Considering a single gamble is a bit artificial and "everyone" knows that probabilities only apply to averages of many runs of the "same" event. Even so, why should one assume that the "same" event implies using the same bag of balls each time (with chosen ball returned to bag), rather than a new bag of balls (or totally reconstituted contents) each time (albeit satisfying the specified ball distributions each time)? The analysis of the latter is the same as the one presented in the live page, but the former is what I initially assumed, perhaps because, subconciously, I knew it would be simpler to do in reality.

Most people probably do not choose their risk aversion rationally, especially in a hypothetical problem, but there is a rational attitude to risk, depending on the utility of the payouts to that person. With the above misinterpretted scenario, if, say, a below-average payout had no utility, then the low risk gambles are preferable; but if, say, only above-average payouts have any utility, then high risk gambles are preferable. (Strictly speaking, it may be rational to choose lower expections and various risks (variability) of monetary payout; but in terms of utility function, it is always rational to maximise utility, and risk (variability) of utility is irrelevent (personal preference being subsumed in the personal utility function).

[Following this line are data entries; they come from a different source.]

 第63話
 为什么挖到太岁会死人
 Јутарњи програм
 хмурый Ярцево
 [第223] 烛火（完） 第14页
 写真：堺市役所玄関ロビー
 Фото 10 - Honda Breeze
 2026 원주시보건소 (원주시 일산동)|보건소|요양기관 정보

John Newbury 22:36, 22 August 2005 (UTC)

I don't think it was a hypothetical problem. I'm not sure that it was actually $100, and I didn't write that bit, but these sorts of experiments can be done with real payouts. But, maybe we need more details on the experiment, and preferably a cited reference.

Also, why was "30" changed to "20"? I don't know that there were 30 or 20 or 100 red balls, and again I didn't write that bit, but it seems to me that there ought to be half as many red balls as black+yellow balls, making the probability of drawing red 1 in 3. No?

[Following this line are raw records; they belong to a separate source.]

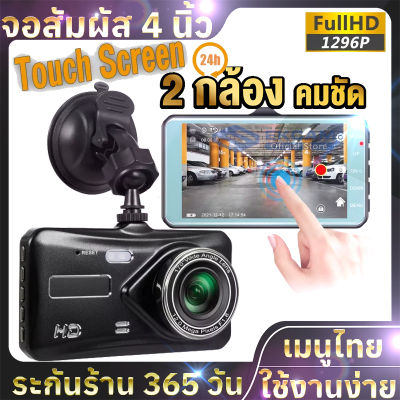 [ใหม่! จัดส่งออกทันที] กล้องติดรถยนต์ 2กล้อง เลนส์ ชัดสุด ๆ FHD 1296P จอสัมผัส IPS 4 นิ้ว บันทึกดูย้อนหลัง เส้นถอยหลัง เมนูภาษาไทย รับประกัน1ปี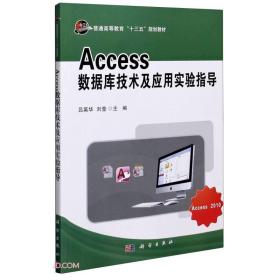 Access数据库技术及应用实验指导(普通高等教育十三五规划教材)
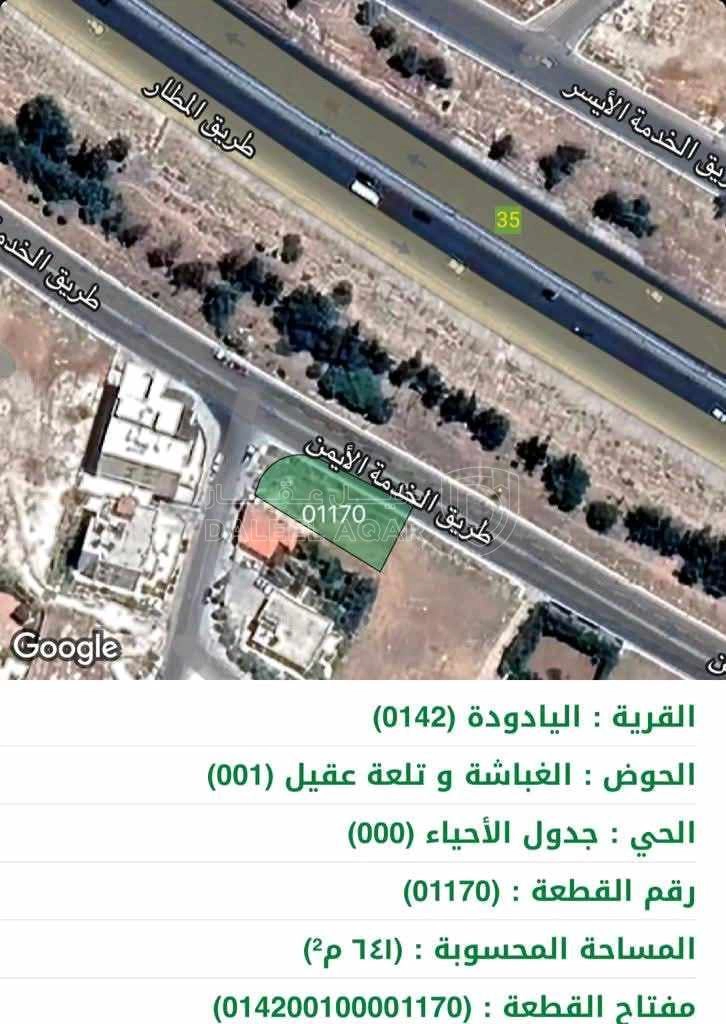 أرض في عمان طريق المطار شارع الخدمات - 270,000 دأ - صورة 1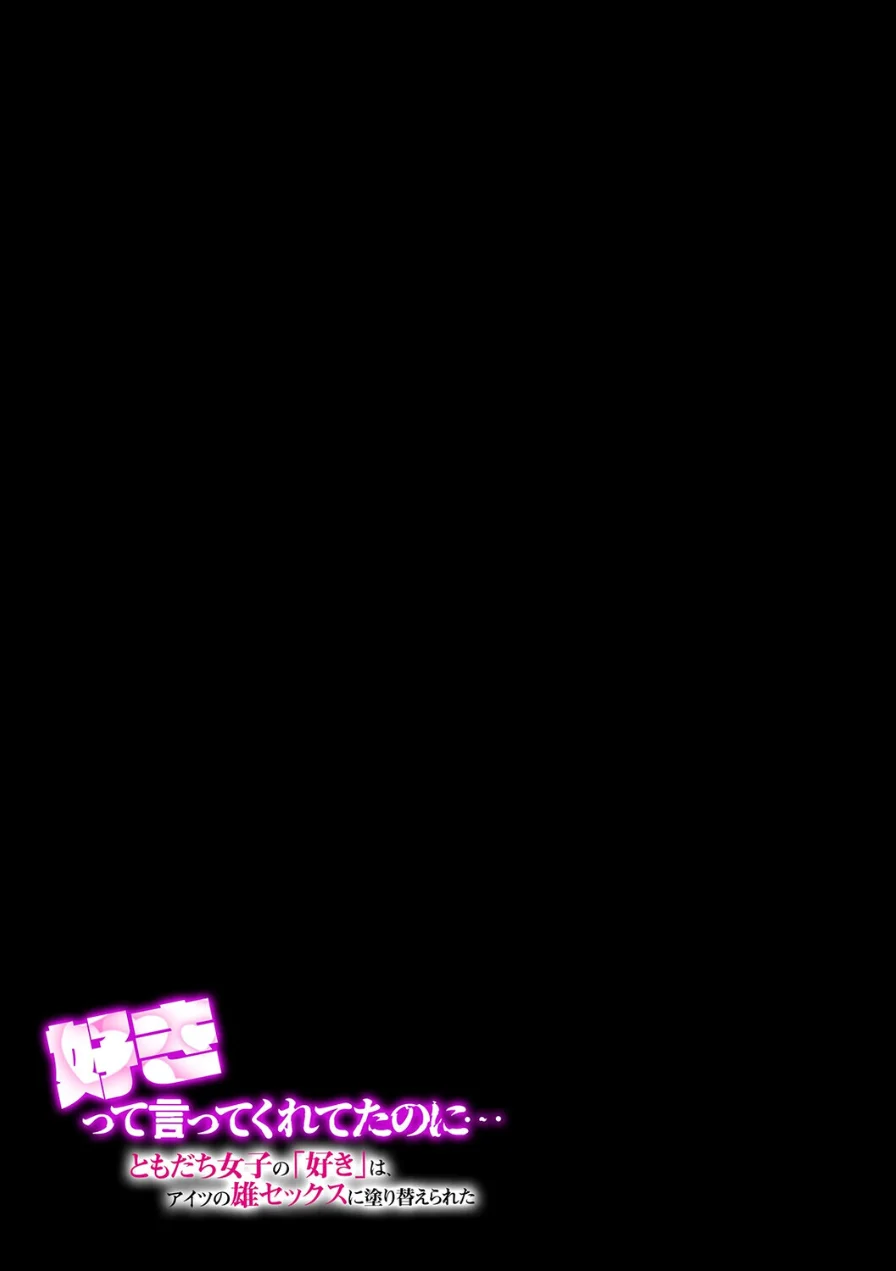 好きって言ってくれてたのに… -ともだち女子の「好き」は、アイツの雄セックスに塗り替えられた-（単話） 試し読み 2ページ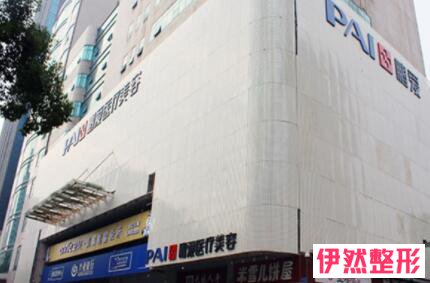 济南鹏爱医疗美容医院怎么样?济南鹏爱整形医院正规吗?
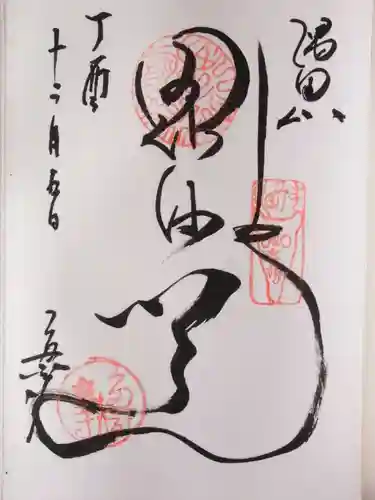 多聞寺(東京都)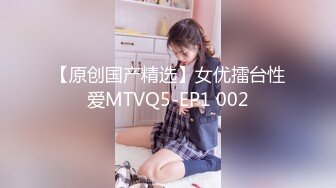 FC2PPV-1532871-2 3P顔出し☆続・高身長美女2人と体力続く限りガチ生ハメ中出し ...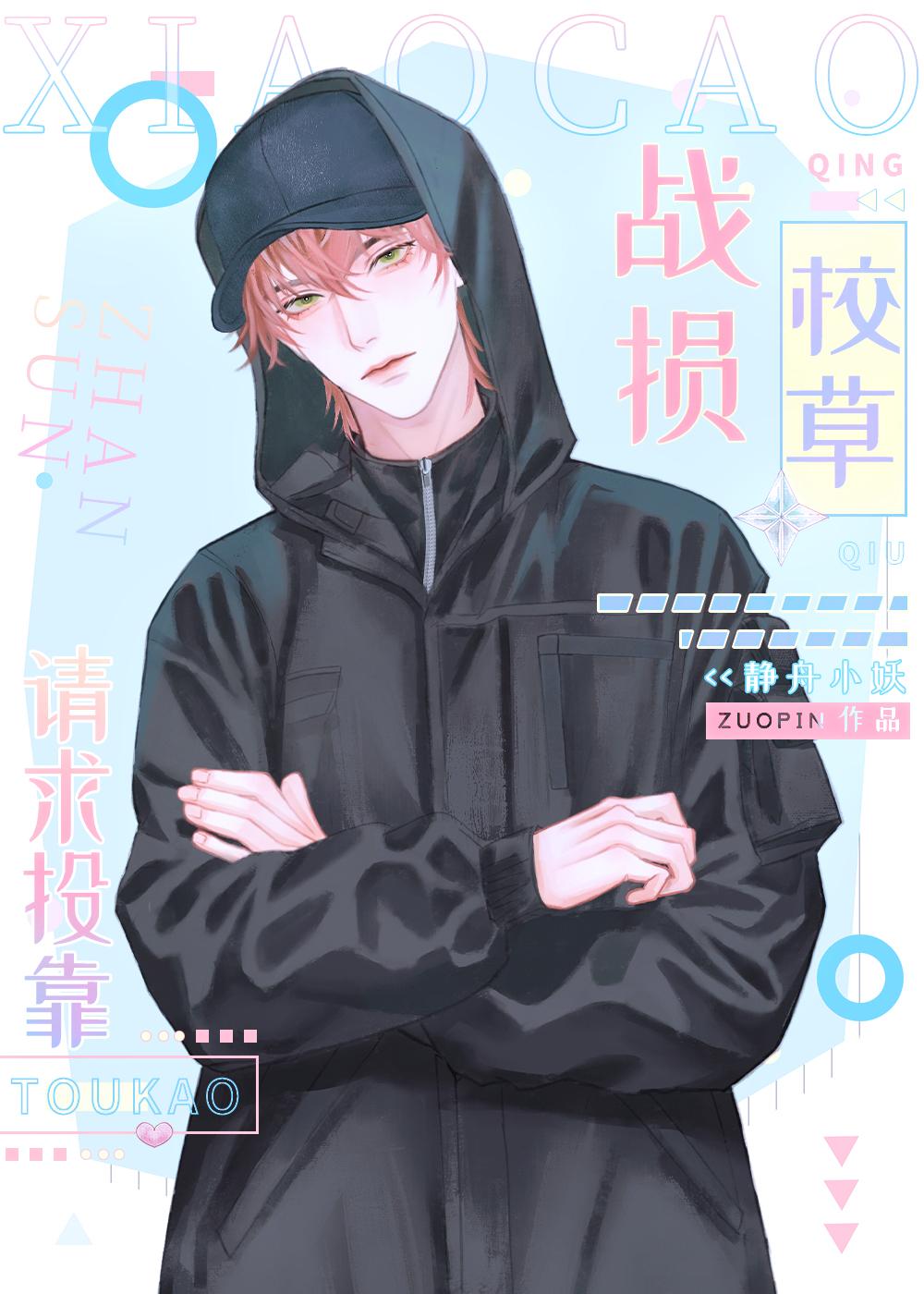 公路求生神级宝箱开局txt百度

In any case, standard utility theory doesn't countenance any of that sort of thing: you must assign a probability of winning to each gamble, and since there are only two payouts (0 or $100), your choice must be entirely determined by this assignment. I happen to agree that choosing A and D is a reasonable thing to do, but that just makes the paradox stronger, doesn't it? Fool 17:10, 23 August 2005 (UTC)

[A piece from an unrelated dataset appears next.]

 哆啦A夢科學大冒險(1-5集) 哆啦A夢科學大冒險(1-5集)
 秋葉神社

Sincere apologies for my balls up (or balls down!) of a change. Evidently I cannot read - I presumably thought 60 was the total of all balls.

In this discussion I should have said "artificial" rather than "hypothetical". Some other nonsense: I should have said, "If, say, the change of utility with payout is larger when payout is below average than when above, then low risk gambles are preferable; but if the other way round, then high risk gambles are preferable."

I should use your moniker!

John Newbury 18:02, 16 October 2005 (UTC)

Ambiguity aversion and drama theory

The 'psychological explanation' that has been cut from this page resembles a simple (perhaps too simple) version of the drama-theoretic explanation of ambiguity aversion. I've added a link to this explanation. (I've also corrected the number of red balls from 20 back to 30. 30 is what it should be, without doubt.)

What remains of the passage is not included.